And the difficulty of the chamber pressure is it increases on a nonlinear basis. 10% more pressure is more like 50% more difficult. But that chamber pressure is… that is what allows you to get a very high power density for the engine, enabling a very high thrust to weight ratio, and a very high specific impulse. Specific impulse is like a measure of the efficiency of a rocket engine. It’s really the effect of exhaust velocity of the gas coming out of the engine. With a very high chamber pressure, you can have a compact engine that nonetheless has a high expansion ratio, which is the ratio between the exit nozzle and the throat. Rocket engines got like sort of an hourglass shape.

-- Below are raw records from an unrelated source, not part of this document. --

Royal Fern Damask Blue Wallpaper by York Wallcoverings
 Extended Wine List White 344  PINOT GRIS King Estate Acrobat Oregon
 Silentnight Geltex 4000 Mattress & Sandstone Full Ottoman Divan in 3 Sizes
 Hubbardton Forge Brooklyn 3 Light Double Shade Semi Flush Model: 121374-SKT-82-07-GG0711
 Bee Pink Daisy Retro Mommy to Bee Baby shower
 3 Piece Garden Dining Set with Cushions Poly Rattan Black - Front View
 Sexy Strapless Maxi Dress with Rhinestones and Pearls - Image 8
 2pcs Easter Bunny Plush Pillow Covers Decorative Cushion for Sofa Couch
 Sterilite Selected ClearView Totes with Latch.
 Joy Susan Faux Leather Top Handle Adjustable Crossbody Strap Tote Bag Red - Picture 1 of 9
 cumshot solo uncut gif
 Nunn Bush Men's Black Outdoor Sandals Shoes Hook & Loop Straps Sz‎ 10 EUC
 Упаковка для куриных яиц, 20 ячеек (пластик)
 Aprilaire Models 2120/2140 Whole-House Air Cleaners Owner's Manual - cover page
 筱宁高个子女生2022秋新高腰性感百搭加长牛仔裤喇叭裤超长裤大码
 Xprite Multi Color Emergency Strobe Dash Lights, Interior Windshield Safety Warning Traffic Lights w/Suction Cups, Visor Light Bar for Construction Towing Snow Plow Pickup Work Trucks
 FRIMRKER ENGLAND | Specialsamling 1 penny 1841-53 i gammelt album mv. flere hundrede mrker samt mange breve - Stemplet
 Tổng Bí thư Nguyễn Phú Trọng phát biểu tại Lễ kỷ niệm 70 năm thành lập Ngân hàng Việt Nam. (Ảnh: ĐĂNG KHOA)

It’s like a chamber, and then it necks down, and there’s a nozzle. And the ratio of the exit diameter to the throat is expansion ratio.

Lex Fridman: (11:45) So why is this such a hard engine to manufacture? At scale?

Elon Musk: It’s very complex.

Lex Fridman: What does complexity mean? Here’s a lot of components involved?

Elon Musk: There’s a lot of components and a lot of unique materials. We had to invent several alloys that don’t exist in order to make this engine work.

Lex Fridman: So it’s a materials problem, too?

Elon Musk: It’s materials problem, and in a staged combustion, that full flow staged combustion, there are many feedback loops in the system. So basically, you’ve got propellants and hot gas flowing simultaneously to so many different places on the engine. And they all have a recursive effect on each other. So you change one thing here has a recursive effect here that changes something over there. It’s quite hard to control. There’s a reason why no one’s made this before. The reason we’re doing a stage combustion full flow is because it has the highest theoretical possible efficiency.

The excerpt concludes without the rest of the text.